Исследование природы каждого музыкального элемента и его связи с определенными впечатлениями, далее, подведение этих отдельных наблюдений под общие законы составило бы основания философия музыки, к чему стремятся многие писатели, не объясняя хорошенько, что они под этим подразумевают. Но психическое и физическое воздействие отдельного аккорда, ритма, интервала никогда не будет объяснено, если станут говорить: то-то означает красный цвет, это – зеленый, или: то-то означает надежду, это – негодование и т. п. Научное понимание этих явлений возможно только при подведении отдельных музыкальных качеств под общие эстетические категории, а этих последних под один высший принцип. Если бы, таким образом, каждый музыкальный фактор был объяснен порознь, нужно бы было показать, как они определяют и изменяют друг друга в различных комбинациях.

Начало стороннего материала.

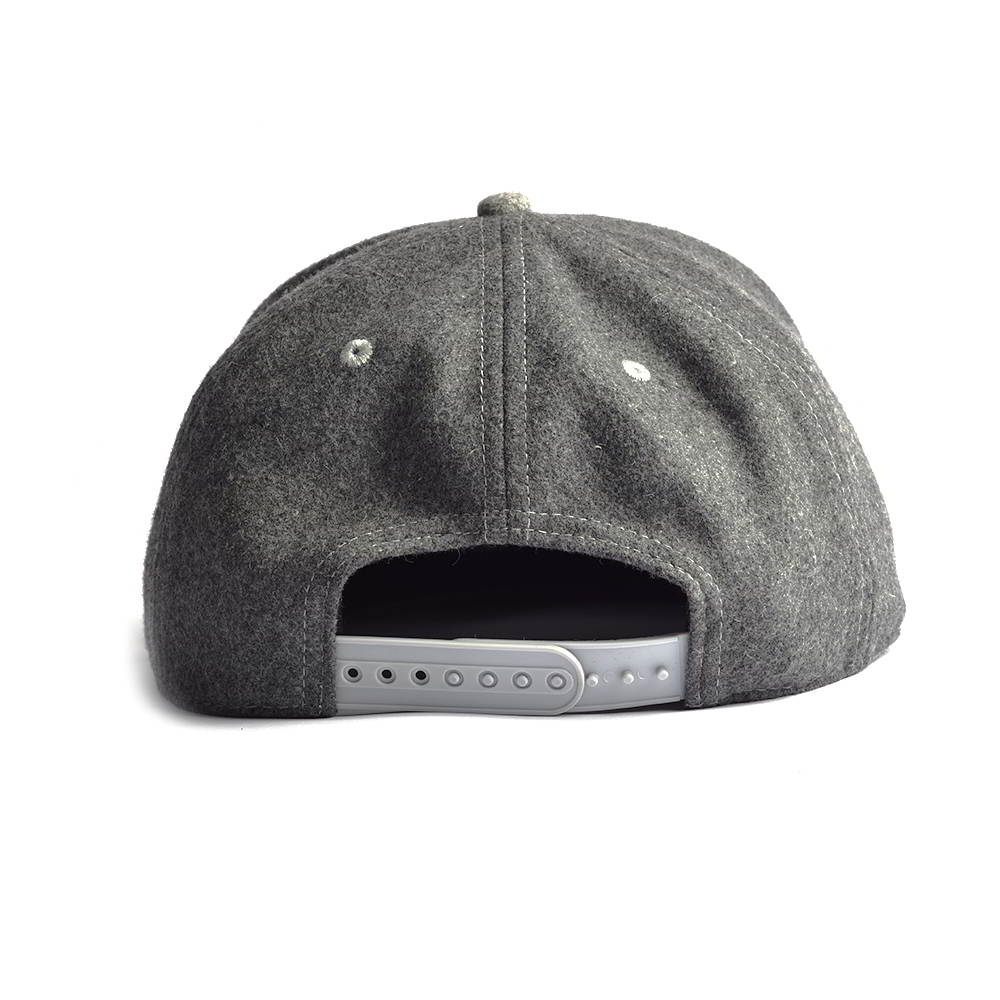 Melton wool flat embroidery gray snapback hats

Многие из ученых музыкантов приводят гармонию и контрапунктный аккомпанимент в особую связь с содержанием произведений. Очевидно, что это очень поверхностное мнение. Мелодию определили, как вдохновение гения, и приписали ей способность влиять на чувства, при этом итальянцы удостоились милостивой похвалы; мелодии противопоставили гармонию и, считая ее результатом изучения и размышления, навязали ей задачу выражать духовное содержание. Удивительно, их могли так долго довольствоваться такими туманными воззрениями. Доля правды, конечно, заключается в этих взглядах, но они совершенно неверны, если видеть в этом общий и непреложный закон. Гармония и мелодия одновременно, рука об руку, возникают в уме композитора. Они не подчинены одна другой и не исключают одна другую. То они обе идут рядом, то уступают место одна другой, и в каждом из этих случаев может быть достигнута высшая степень музыкальной красоты. Разве гармонией (которой тут вовсе и нет) обусловливается выражение глубокой мысли в увертюре «Кориолана» Бетговена или в «Гебридах» Мендельсона? Разве тема Россини «О Матильда» или какая-нибудь неаполитанская ариэтка сделаются содержательнее, если подобрать к ним ряд сложных аккордов или «basso continuo». Нет, мелодия и гармония создаются вместе, с известным ритмом и для известных инструментов. Духовное содержание можно приписывать только сумме этих факторов, и потому изменение одного из них портит впечатление целого. Иногда преобладание мелодии или гармонии только усиливает впечатление, и было бы педантизмом видеть в ином случае все достоинство произведения только в аккордах, в другом же их отсутствию приписывать все его недостатки. Ведь камелия не имеет запаха, лилия не окрашена яркими цветами, роза действует на обоняние и на зрение – и, однако, каждый из этих цветков прекрасен.